The attempted-proof for example 1 looks well-intentioned but is flawed. First, “2^f(n) ≤ 2^C1 g(n)” means 2^f(n) ≤ (2^C1)*g(n), which in general is false. It should have been written 2^f(n) ≤ 2^(C1*g(n)). In the line beginning with “Now”, you should explicitly say C2 = 2^C1. The claim “(ii) will be true” is vacuous (there is no (ii)).
A function like f(n) = 1/n disproves the claim in example 2 because there are no constants N and C such that for all n > N, f(n) < C*(f(n))². Proof: Let some N and C be given.
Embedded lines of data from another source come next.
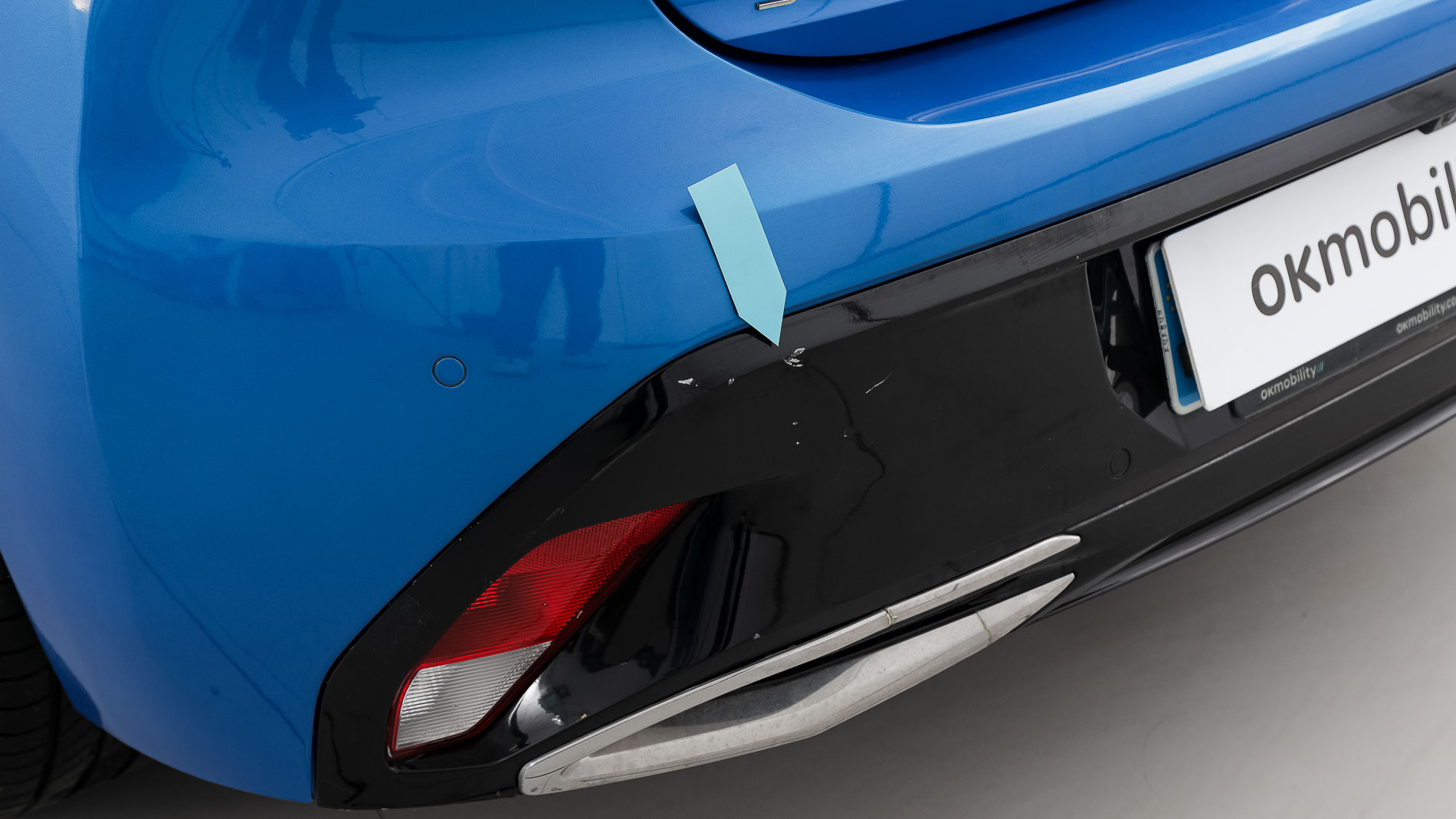 peugeot 308 allure 1.2 PURETECH 130 EAT 2023 azul vertigo 36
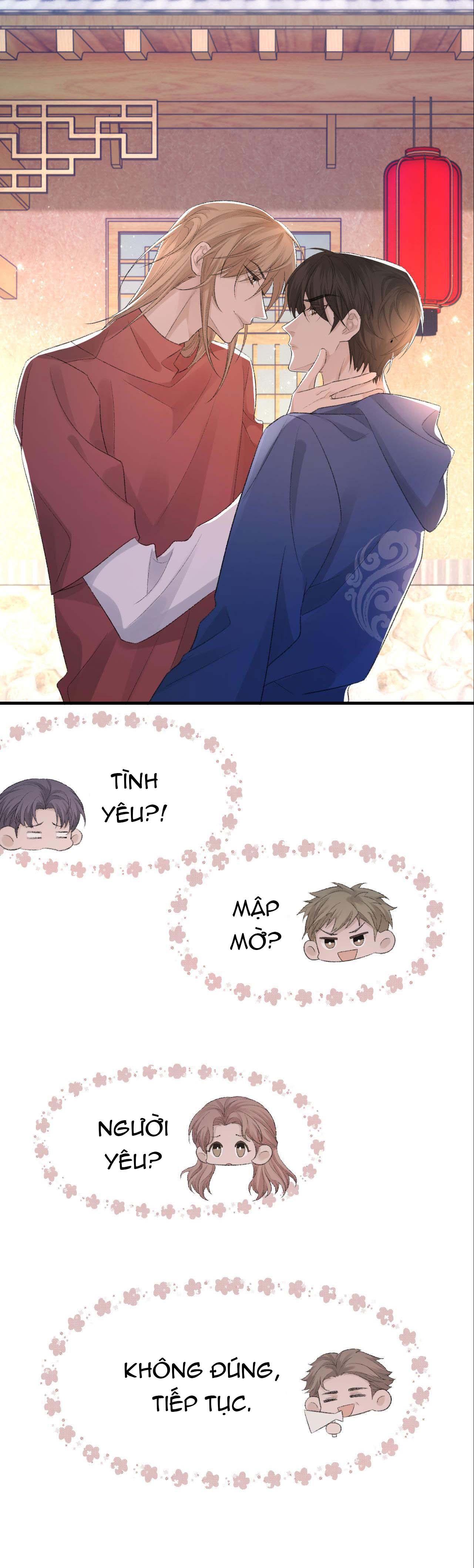 Chỉ Trích - 诟病: Chapter 29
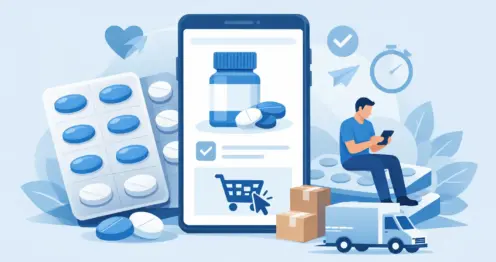 Best Generic ED Tablets for Fast, Simple Buying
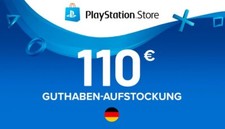 110 psn guthaben gebraucht kaufen  Hamburg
Choose n>N, n>C. f(n) = 1/n = n*(1/n²) > C*(1/n²) = C*(f(n))². Because N and C were arbitrarily chosen, this shows that there are no fixed values of N and C such that for all n > N, f(n) < C*(f(n))², QED.
Saying that “f(n) ≥ 1” is not enough to allow proving the second claim; but if you write “f(n) ≥ 1 for all n” or “f() ≥ 1” it is provable. For example, if f(n) = 1/n for odd n and 1+n for even n, we have f(n) > 1 for even n > 0, and less than 1 for odd n. To prove that f(n) = O((f(n))²) is false, use the same proof as in the previous paragraph but with the additional provision that n is even.
Actually, “f(n) ≥ 1 for all n” is stronger than necessary to ensure f(n) = O((f(n))²). Let ε be any fixed positive value. No matter how small ε is, “f(n) ≥ ε for all n > N'” ensures f(n) = O((f(n))²). To prove this, take C = max(1, 1/ε) and N=N'.